Chapter 95: What Comes Next
“Get back,” Kacey snapped. “Don’t fucking touch me!”
Kacey had a pointy-looking rock in her hands, and the four members of the Church of the Guiding Truth facing her down had rifles in theirs, but she never backed down, if only because she was out of room to run. The cultists were ahead of her and a canyon ledge was behind her, leaving her nowhere to go.
“Where’d you learn to talk like that?”
“Same place she learned to talk back in the first place, I imagine.”
The chatter among the church members came to a halt as their ringleader raised his hand and stepped forward.
“That’s enough of this, Kacey,” he said. “Time to come home.”
“I’m not going back,” Kacey stammered. She held up the rock as if it could possibly threaten a man with a high-powered assault rifle. “I want to leave. I want to find my sister.”
The casual, concerned demeanor of the ringleader broke as he failed to restrain a single bark of laughter. The low chuckling from his fellow cultists made Kacey’s blood run cold.
“You want to find your sister? Take a step back.”
Kacey’s heel scraped the edge of the cliff as she flinched.
“Or we could give you an express ticket,” one of the cultist’s said, as he tightened his grip on his gun.
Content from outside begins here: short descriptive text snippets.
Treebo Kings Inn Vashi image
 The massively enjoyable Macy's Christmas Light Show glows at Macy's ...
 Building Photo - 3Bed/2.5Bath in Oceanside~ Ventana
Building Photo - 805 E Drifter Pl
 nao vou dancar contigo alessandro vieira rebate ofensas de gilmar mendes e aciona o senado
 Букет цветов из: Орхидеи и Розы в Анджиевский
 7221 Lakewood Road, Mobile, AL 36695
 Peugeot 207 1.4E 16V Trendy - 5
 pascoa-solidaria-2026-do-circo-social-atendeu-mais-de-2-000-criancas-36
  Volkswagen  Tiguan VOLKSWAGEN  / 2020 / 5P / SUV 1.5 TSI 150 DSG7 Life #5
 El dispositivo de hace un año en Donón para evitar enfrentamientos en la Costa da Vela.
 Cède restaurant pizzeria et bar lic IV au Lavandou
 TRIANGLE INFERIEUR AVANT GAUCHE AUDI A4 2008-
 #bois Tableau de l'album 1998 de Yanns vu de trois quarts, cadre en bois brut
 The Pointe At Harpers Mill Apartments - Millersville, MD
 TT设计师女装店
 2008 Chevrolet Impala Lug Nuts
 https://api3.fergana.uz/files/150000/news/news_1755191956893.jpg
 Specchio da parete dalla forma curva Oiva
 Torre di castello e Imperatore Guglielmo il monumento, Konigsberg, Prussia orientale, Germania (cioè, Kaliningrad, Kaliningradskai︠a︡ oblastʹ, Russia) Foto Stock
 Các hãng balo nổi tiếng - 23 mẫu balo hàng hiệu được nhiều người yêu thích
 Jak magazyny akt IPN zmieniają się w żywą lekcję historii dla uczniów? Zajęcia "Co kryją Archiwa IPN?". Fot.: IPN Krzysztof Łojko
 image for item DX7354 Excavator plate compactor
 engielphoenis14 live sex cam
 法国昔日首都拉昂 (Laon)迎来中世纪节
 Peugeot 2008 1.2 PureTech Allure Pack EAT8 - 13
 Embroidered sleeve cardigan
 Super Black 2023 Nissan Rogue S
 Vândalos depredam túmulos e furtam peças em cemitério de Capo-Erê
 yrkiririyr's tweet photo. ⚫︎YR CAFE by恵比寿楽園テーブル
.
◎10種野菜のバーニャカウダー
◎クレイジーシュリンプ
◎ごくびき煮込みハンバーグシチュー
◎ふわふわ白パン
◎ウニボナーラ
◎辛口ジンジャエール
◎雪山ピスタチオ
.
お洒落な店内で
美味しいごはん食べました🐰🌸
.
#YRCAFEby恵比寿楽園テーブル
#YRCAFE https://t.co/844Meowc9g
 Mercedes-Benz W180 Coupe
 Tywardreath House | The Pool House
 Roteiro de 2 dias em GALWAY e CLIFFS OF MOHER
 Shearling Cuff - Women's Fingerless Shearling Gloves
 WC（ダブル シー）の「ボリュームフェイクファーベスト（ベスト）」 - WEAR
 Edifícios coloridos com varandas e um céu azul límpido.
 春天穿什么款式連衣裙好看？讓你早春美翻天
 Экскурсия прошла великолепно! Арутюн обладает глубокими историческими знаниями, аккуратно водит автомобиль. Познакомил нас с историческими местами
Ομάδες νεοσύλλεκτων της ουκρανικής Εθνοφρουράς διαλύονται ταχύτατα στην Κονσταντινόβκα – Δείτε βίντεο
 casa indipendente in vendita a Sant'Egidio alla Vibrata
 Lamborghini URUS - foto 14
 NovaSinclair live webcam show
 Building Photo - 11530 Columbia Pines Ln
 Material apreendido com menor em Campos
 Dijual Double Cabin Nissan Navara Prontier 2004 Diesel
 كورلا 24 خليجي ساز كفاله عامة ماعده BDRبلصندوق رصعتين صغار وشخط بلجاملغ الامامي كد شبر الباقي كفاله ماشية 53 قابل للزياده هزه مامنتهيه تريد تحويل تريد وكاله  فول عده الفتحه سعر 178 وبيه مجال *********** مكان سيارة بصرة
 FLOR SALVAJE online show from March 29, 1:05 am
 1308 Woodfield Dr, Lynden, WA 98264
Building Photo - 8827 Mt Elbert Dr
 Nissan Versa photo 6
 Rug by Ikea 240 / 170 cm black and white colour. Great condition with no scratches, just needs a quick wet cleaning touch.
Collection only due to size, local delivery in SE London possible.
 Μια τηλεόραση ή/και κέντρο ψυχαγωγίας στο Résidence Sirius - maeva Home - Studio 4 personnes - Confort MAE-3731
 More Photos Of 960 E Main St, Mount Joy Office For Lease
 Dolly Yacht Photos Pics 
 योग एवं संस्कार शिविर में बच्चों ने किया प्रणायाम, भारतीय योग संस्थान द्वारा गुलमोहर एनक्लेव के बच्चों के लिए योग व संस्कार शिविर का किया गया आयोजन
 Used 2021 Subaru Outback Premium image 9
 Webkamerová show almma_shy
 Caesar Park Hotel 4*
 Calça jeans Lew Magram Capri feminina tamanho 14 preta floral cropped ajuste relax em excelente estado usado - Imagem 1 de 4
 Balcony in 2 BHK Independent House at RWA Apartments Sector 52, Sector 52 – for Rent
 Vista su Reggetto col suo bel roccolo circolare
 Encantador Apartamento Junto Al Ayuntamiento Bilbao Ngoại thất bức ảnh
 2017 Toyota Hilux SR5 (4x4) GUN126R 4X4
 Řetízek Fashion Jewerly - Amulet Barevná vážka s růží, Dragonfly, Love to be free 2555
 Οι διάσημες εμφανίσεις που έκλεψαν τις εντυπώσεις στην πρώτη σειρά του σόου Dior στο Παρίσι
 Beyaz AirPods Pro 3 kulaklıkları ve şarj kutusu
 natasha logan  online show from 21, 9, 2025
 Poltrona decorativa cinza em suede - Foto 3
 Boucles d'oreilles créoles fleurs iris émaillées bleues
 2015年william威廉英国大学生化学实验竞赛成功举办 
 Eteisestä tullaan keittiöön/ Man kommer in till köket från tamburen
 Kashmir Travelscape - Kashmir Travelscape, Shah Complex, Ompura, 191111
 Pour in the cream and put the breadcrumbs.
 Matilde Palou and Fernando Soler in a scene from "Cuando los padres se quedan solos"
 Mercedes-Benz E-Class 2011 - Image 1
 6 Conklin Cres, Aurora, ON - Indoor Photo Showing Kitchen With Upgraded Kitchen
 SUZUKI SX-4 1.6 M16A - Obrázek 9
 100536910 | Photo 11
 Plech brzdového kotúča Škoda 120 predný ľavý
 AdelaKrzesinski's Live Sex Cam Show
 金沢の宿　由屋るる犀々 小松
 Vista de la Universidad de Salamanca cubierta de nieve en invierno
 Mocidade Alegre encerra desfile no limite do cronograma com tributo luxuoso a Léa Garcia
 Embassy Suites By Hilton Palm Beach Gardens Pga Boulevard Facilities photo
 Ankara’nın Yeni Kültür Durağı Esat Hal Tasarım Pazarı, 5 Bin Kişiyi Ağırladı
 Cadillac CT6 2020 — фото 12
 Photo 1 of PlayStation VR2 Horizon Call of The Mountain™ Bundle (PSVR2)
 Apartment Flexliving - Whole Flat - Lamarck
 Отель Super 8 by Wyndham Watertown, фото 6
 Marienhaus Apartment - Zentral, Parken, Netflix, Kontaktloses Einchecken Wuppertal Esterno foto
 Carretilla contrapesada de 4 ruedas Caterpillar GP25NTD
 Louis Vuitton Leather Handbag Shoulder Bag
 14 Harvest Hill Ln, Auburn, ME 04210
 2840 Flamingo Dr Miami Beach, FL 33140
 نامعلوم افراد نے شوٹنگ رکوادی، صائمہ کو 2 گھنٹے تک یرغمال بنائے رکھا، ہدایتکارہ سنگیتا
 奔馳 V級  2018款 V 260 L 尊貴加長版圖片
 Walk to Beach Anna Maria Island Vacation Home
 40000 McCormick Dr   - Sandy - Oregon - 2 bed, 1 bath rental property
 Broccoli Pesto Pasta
“No,” Kacey gasped. “No, no, no, you’re lying! Shut the fuck up!”
“Don’t you talk to us like that,” the ringleader snapped. “You sit down, shut up, and do as you’re told, before you get what your sister got.”
The grief on Kacey’s face transformed in an instant, as wide, fearful eyes trailed upwards, above the heads of the cultists.
“No no, don’t look at God,” the ringleader said. “Look at me.”
“She’s not looking at God.”
A bolt of white hot fire tore a hole through one of the cultist’s chest and raced off through the night. The ringleader traced the bolt back to its source and found, to his bone-chilling shock, Corey Vash, smoking laser pistol still in hand.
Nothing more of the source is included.